Looking down the list of investment versus growth, the results are clearly mixed. Between 1995 and 2016 dirt-poor Armenia spent 1% of GDP on infrastructure but got 6% growth, while India spent the same and got an even better 7% growth. Turkey also did well, spending 0.8% of GDP on infrastructure to get growth of 4.7%, which is equivalent to a whopping multiplier of 6.2.
From the developed markets Ireland was one of the most efficient, spending 0.9% to get 5.7% growth – equivalent to a multiplier of 6. The US also made some of the most effective investments into infrastructure, spending only 0.6% for a 2.4% growth gain, but that is equivalent to a multiplier of 3.4. And Malta spent 0.2% on infrastructure for 3.7% growth, which is equivalent to a massive 15.9 multiplier: Malta clearly spent its money extremely wisely.
But there have been some failures too. Greece increased its infrastructure spending by 1.1% of GDP but only saw growth improve by 0.7% and a multiplier of 0.7, which means much of the spending was wasted. The story in Italy and Japan, where the multiplier in both cases is less than one, is the same.
Where it will go wrong
And there is the rub. Nay-sayers have already pooh-poohed the Kremlin’s programme as yet another feeding trough, especially for the stoligarchs, the group of oligarchs inside Putin’s immediate circle that Vedomosti dubbed “the kings of state contracts” about two years ago. This group has won the lion’s share of mega-construction projects including the building of the Kerch bridge and the Power of Siberia gas pipeline to China.
Corruption is rife in Russia and the stoligarchs are all multi-billionaires thanks to their cosy relationship with Putin. But this hands-on model is also being changed.
Putin has lost interest in the day to day running of government. According to bne IntelliNews’s Kremlin sources the inner circle around Putin has become smaller and he leaves much of the business of running the country to the Duma and the Kremlin’s liberal fraction.
Putin largely deals only with his immediate circle and concerns himself with the huge set piece projects where large gobs of budget funds are being spent. In the new programme this direct control over massive infrastructure spending is going to be institutionalised under Vnesheconombank (VEB), which has been renamed VEB.RF and is now run by Igor Shuvalov, the former first deputy prime minister and Putin’s right hand man. VEB.RF will choose the projects and police the infrastructure spending to cut down on the waste and stealing.

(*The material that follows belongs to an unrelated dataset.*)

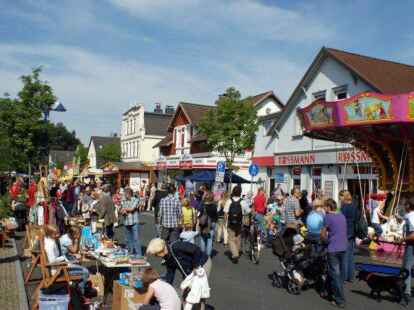 Viel zu entdecken gab es an den St&auml;nden beim Huder B&uuml;rgerfest.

It is impossible to predict how well Russia will spend this infrastructure investment money. If the money is well spent it could lead to a boom as Russia still has a lot of “catch-up growth” ahead of it. Central Europe has pulled this trick off and has been booming for years now. But a second Russian boom seems unlikely. Given its multiplier so far was 2.3 – middle of the field amongst the emerging European countries – a working assumption would be that it will at least keep the multiplier at the same level, which at least will produce a noticeable increase in growth.